7. The fully automatic feeding device as described in claim 1, characterized in that, The cylinder-driven linkage mechanism of the capacitance testing mechanism drives the conductive contact mounted on the linear guide rail to move, thereby achieving contact and conduction between the conductive contact and the capacitor pin for performance testing.

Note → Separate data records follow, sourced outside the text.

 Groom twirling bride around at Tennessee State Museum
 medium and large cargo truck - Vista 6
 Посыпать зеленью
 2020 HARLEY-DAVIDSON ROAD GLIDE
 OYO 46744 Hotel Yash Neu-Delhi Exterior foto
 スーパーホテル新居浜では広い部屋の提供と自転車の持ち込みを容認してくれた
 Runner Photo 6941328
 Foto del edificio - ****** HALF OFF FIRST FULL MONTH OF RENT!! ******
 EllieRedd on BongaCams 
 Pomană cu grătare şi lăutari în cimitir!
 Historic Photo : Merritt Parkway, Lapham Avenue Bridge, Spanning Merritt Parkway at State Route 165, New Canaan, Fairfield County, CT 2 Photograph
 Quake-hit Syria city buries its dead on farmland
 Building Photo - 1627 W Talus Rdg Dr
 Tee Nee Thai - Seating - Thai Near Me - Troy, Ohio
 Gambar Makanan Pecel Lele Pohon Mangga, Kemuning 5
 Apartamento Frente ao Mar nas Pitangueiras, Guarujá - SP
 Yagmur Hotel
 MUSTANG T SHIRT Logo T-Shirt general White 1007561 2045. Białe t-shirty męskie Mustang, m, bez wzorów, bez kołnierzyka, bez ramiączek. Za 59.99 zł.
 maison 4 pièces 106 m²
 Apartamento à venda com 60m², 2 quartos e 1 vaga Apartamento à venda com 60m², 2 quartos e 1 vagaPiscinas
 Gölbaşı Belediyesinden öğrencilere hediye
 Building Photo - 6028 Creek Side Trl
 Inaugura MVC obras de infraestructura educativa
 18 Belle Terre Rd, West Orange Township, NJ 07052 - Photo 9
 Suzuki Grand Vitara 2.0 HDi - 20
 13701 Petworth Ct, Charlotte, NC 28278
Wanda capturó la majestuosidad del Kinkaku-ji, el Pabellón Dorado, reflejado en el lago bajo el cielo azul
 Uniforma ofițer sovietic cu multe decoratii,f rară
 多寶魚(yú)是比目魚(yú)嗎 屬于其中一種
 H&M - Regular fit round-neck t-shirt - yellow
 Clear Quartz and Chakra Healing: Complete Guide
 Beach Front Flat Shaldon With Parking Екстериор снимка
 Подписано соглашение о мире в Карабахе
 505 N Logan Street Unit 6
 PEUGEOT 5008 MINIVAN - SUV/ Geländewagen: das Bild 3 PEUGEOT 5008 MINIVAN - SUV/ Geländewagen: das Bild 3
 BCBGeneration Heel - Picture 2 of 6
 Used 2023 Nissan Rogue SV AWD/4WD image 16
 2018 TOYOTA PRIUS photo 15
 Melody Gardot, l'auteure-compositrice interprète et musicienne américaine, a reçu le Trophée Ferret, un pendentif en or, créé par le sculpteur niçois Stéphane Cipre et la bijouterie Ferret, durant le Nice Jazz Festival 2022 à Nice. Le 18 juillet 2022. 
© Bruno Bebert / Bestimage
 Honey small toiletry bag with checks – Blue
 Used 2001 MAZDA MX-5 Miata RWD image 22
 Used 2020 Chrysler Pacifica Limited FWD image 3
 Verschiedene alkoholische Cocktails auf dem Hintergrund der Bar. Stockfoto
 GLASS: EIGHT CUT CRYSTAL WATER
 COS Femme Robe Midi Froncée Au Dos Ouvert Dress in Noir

8. The fully automatic feeding device as described in claim 1, characterized in that, The capacitor unloading mechanism includes a fixed cylinder, a vertically arranged vertical lead screw module, and a horizontally arranged horizontal lead screw module. The cylinder drives the vertical lead screw module, which is mounted on a horizontal linear guide rail, to move horizontally. The vertical lead screw module is equipped with a gripper cylinder and a rotary cylinder. The gripper cylinder is equipped with a chuck for gripping the capacitor, and the rotary cylinder is used to rotate the gripped capacitor so that the capacitor leads are facing upwards. The horizontal lead screw module is equipped with a slide cylinder, which drives the gripper cylinder to move back and forth. After the chuck grips the capacitor, the control system controls the horizontal lead screw module to move to the corresponding position for sorting and processing the tested capacitors.